-- Opening Marker --

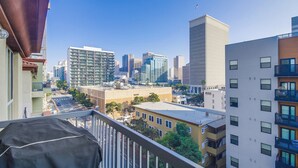 Paesaggio urbano con edifici moderni, cielo sereno e un balcone con vista sulla città.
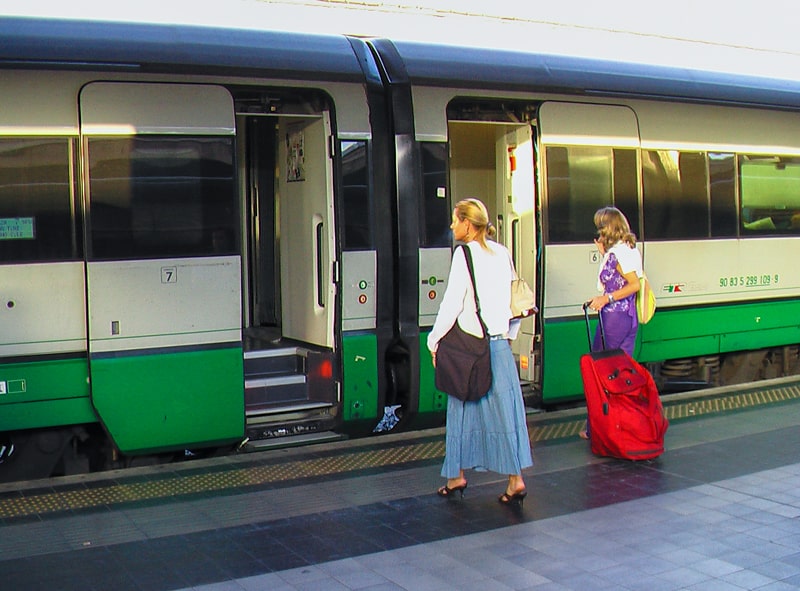 two women getting on a train in Italy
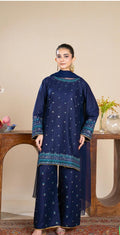 Woman wearing a navy blue traditional outfit with intricate patterns in a room setting.
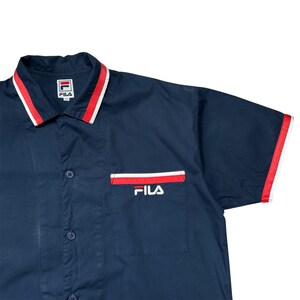 K&ouml;nnte beinhalten: Marineblaues Kurzarmhemd mit rot-wei&szlig;em Besatz an Kragen, Tasche und &Auml;rmeln. Das Fila-Logo ist auf der Tasche und dem Kragen zu sehen. Das Hemd hat eine Knopfleiste.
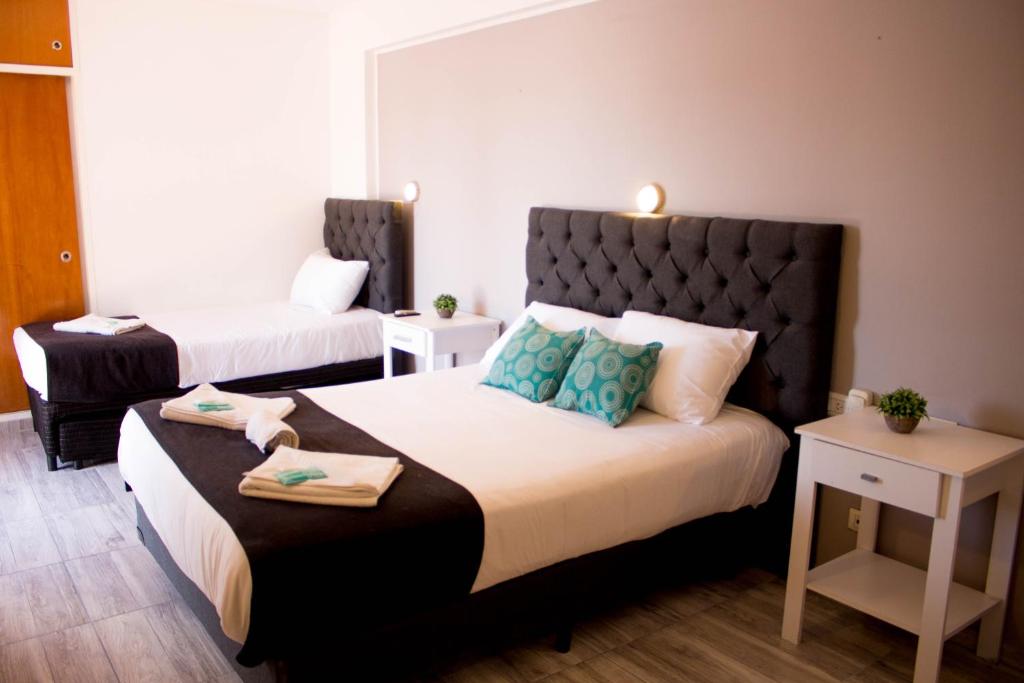 a hotel room with two beds and two tables at Hotel Terrazas by CPH in Villa Carlos Paz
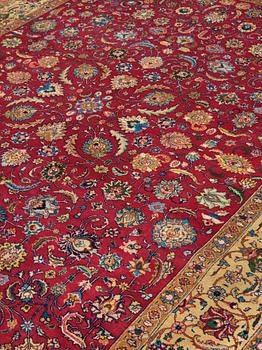 A CARPET, A semi-antique Tabriz, ca 374 x 283 cm.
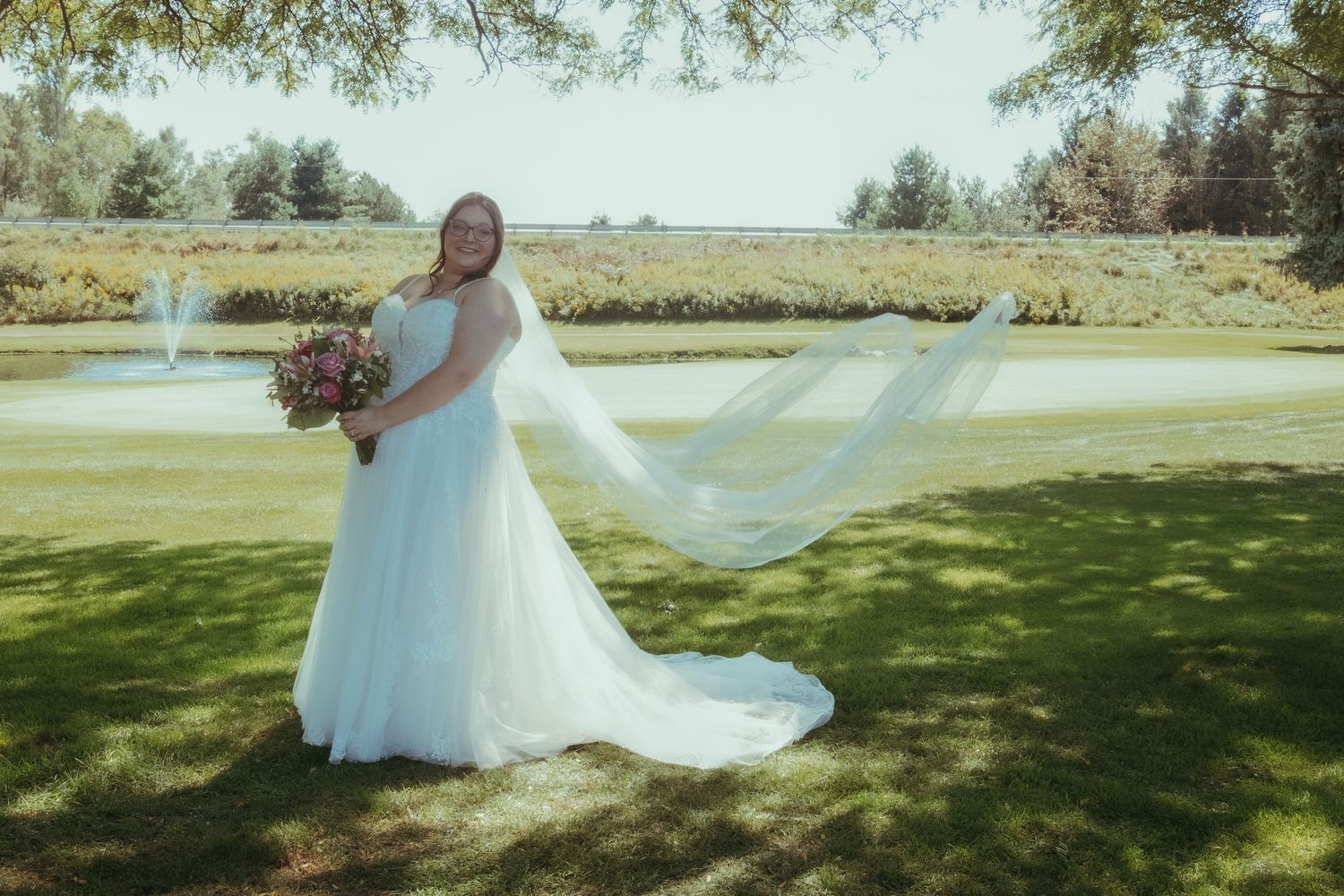A bride in a white gown with flowing veil poses in front of a serene pond on a sunny day.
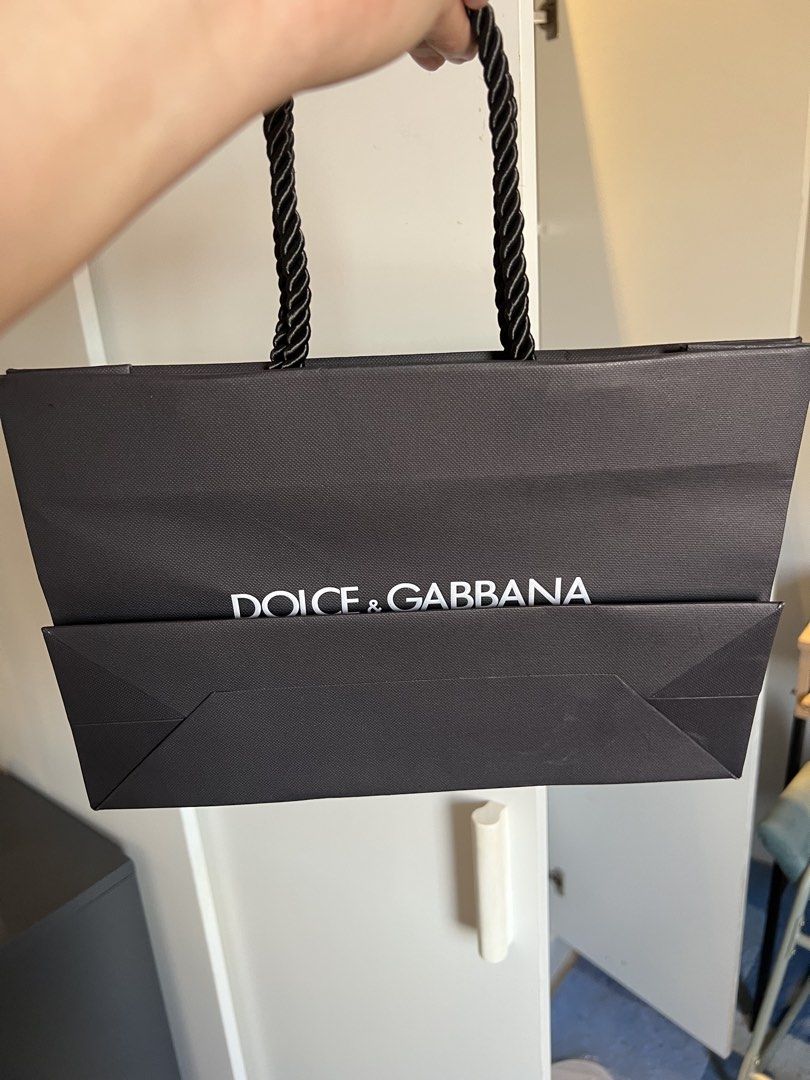 Dolce & Gabbana Shopping Bag (Category: Luxury Bags & Wallets) located in Makati City. Submitted by marckyboy (Listing ID 1435813328, Image 2). Description: - Authentic Dolce & Gabbana shopping bag - Black paper exterior - White Dolce & Gabbana logo - Features black rope handles - Ideal for gifting or collecting.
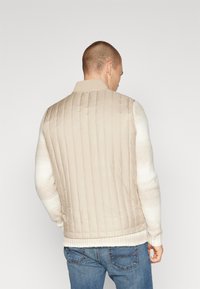 Gilet matelassé beige avec un col côtelé et un design sans manches, associé à une chemise à manches longues légère et texturée, ainsi qu'à un jean en denim.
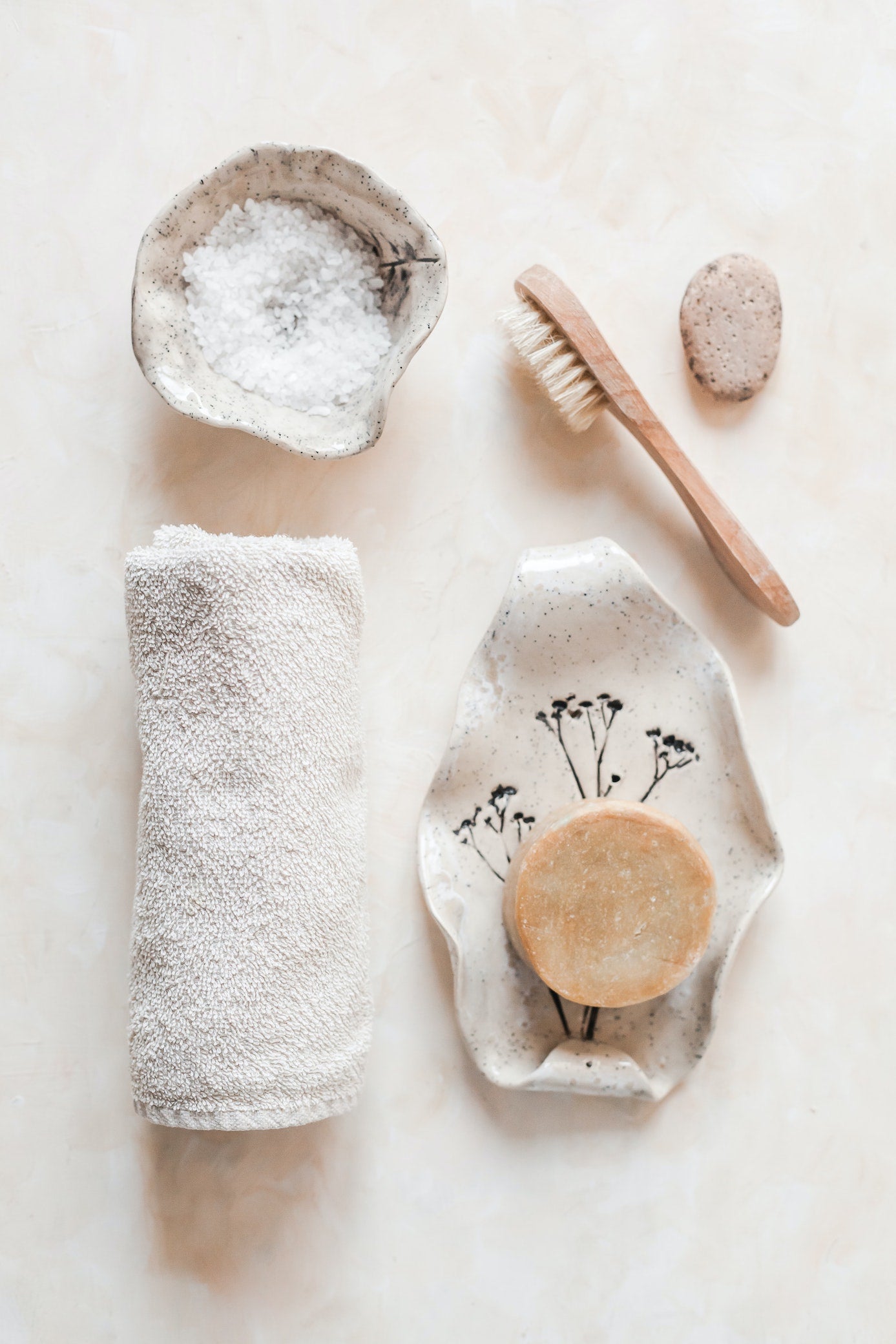 Items used for a nice bath, handmade soap, a towel, bath salts and a brush.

-- Closing Marker --

### WHAT TO DO
Only the lines from the one that holds "Dolce & Gabbana Shopping Bag (Category: Luxury" through the end of the records above should be printed again, exactly as they are. Leave out the pictures.

### OUTPUT OF THE TASK
 Dolce & Gabbana Shopping Bag (Category: Luxury Bags & Wallets) located in Makati City. Submitted by marckyboy (Listing ID 1435813328, Image 2). Description: - Authentic Dolce & Gabbana shopping bag - Black paper exterior - White Dolce & Gabbana logo - Features black rope handles - Ideal for gifting or collecting.
 Gilet matelassé beige avec un col côtelé et un design sans manches, associé à une chemise à manches longues légère et texturée, ainsi qu'à un jean en denim.
 Items used for a nice bath, handmade soap, a towel, bath salts and a brush.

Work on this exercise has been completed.